Schedar in the lore of the sky. As the brightest star in the constellation Cassiopeia the Queen, Alpha Cassiopeiae doesn’t have any fantastic stories behind it. But, like all stars, it has its own interesting history. The star’s name, Schedar, derives from the Arabic word for breast.
On old star maps, such as the one above drawn by the Flemish cartographer Gerardus Mercator in 1551, Schedar or Alpha Cass is depicted as being near the heart of the celestial queen. On this globe, he represents Cassiopeia as the Queen of Ethiopia, whose vanity was legendary. As punishment, it’s said, she is chained to a chair and hangs upside-down.
How to find Schedar. And indeed the sky bears out the upside-down-ness of Cassiopeia the Queen – some of the time. From mid-northern latitudes, Cassiopeia is circumpolar, meaning that it circles endlessly around the north celestial pole, never (or rarely, depending on your latitude) dipping below your horizon.
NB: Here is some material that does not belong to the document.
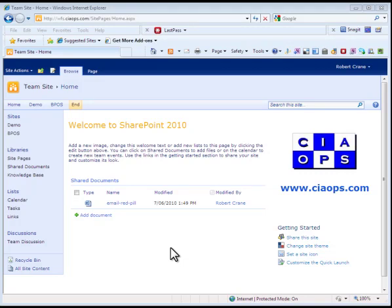Welcome along to a video presentation from the Computer Information Agency. My name is Robert and today we'll have a brief overview of Office Web Apps. Office Web Apps are part of Office 2010 and require the installation of SharePoint 2010 to operate.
The Northern Hemisphere autumn months are a good time to see Cassiopeia and its brightest star Schedar, or Alpha Cass. That is when the constellation rides highest in the sky during the evening hours.
Science of Schedar. The star Schedar lies about 230 light-years away and shines steadily at magnitude 2.2. Despite skywatchers a couple of centuries ago suggesting that the star varied in brightness, modern astronomers have discerned no fluctuations.
The star is about five times the mass of our sun, but it is cooler. It is an orange giant star, and, like all giants, it rotates slowly on its axis. It’s believed that Schedar takes approximately 102 days to rotate once, in contrast to about 25 days for our sun.
Schedar also has three stellar companions, all of which are too close to the star to be easily seen. Although these three stars have been listed with Alpha Cass in the Washington Double Star Catalog, it now appears that all of them may be unrelated and only lie near Alpha Cass along our line of sight from Earth.